Mishin Igor, Ghidirim Gheorghe, Zastavnitsky Gheorghe
First Department of Surgery N. Anestiadi and Laboratory of Hepato-Pancreato-Biliary Surgery, Medical University N. Testemitsanu, National Center of Emergency Medicine, Kishinev, Moldova.
Pol Przegl Chir. 2011 Apr;83(4):223-6. doi: 10.2478/v10035-011-0034-4.
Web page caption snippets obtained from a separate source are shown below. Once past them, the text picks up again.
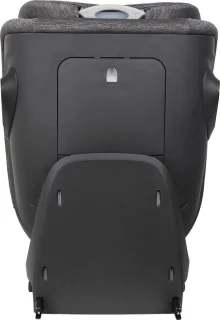 Ding Fynn Isofix Autostoel 360° Zwart i-Size 0-12 Jaar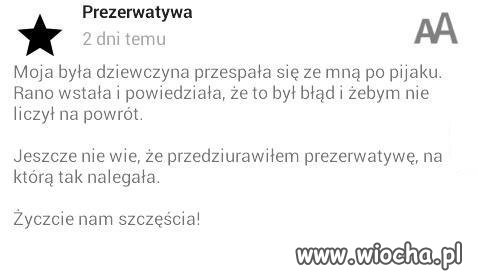 Mądre posunięcie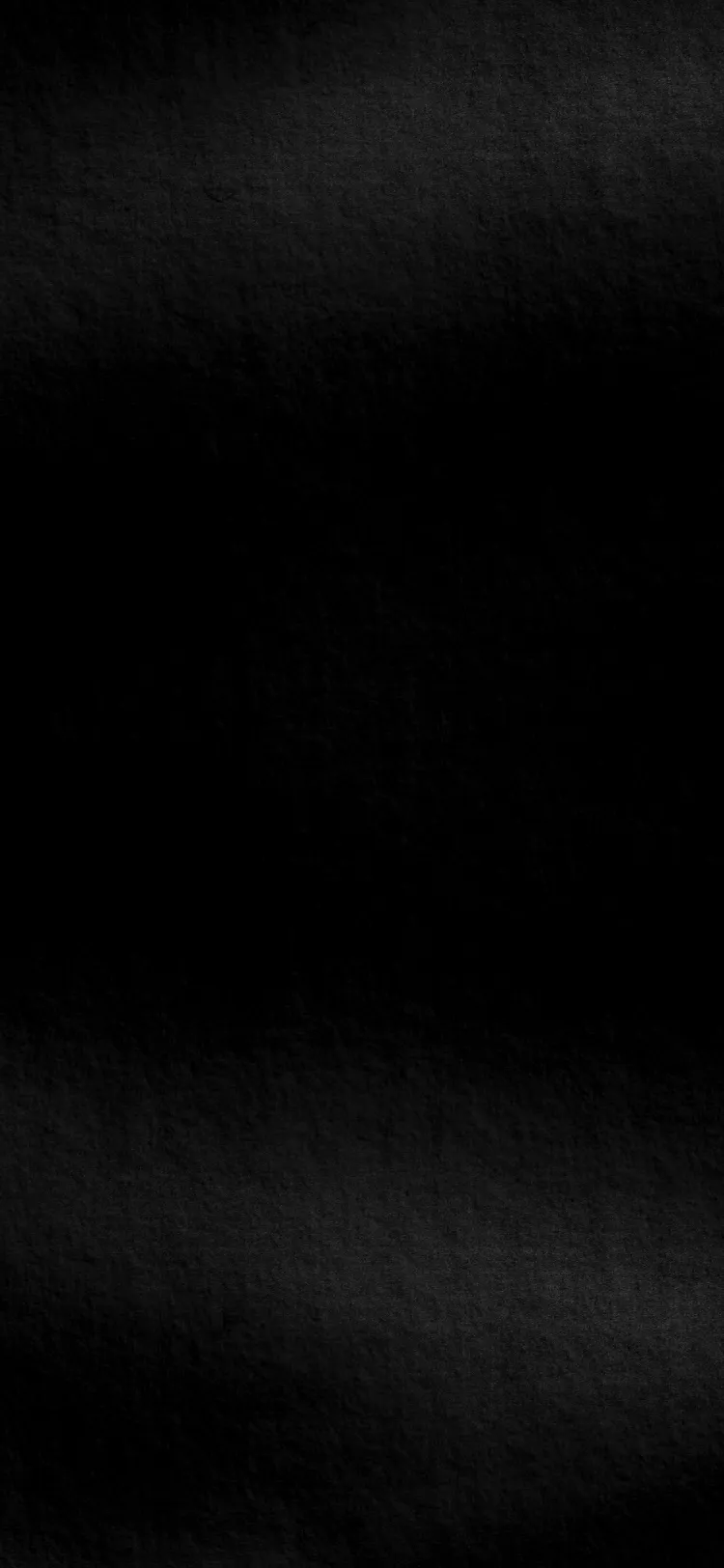 Mobile menu background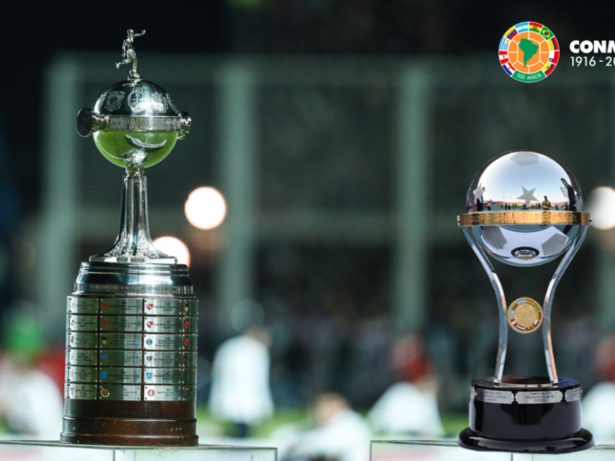 Libertadores e Sul-Americana: confira os jogos desta terça (12)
Gall-stone intestinal obstruction (GSO) is an unusual form of mechanical obstruction and a rare complication of cholelithiasis. The treatment options are controversial, usually the management is surgical but associated with significant morbidity and mortality. A spontaneous evacuation of the gall-stone that had induced GSO is even more exceptional, only few reports being published up to date. We report the case of an 81-year-old female patient presenting GSO admitted to our department due to abdominal pain and vomiting. Computed tomography revealed pneumobilia, distention of the ileum and a calcified mass in the small bowel lumen. The diagnosis of GSO was established, but since the gall-stone was <25 mm and severe cardiorespiratory co-morbidities conservative treatment was initiated and spontaneous evacuation of the gall-stone was obtained. Diagnostic and management modalities of GSO as well as literature reviews are reported.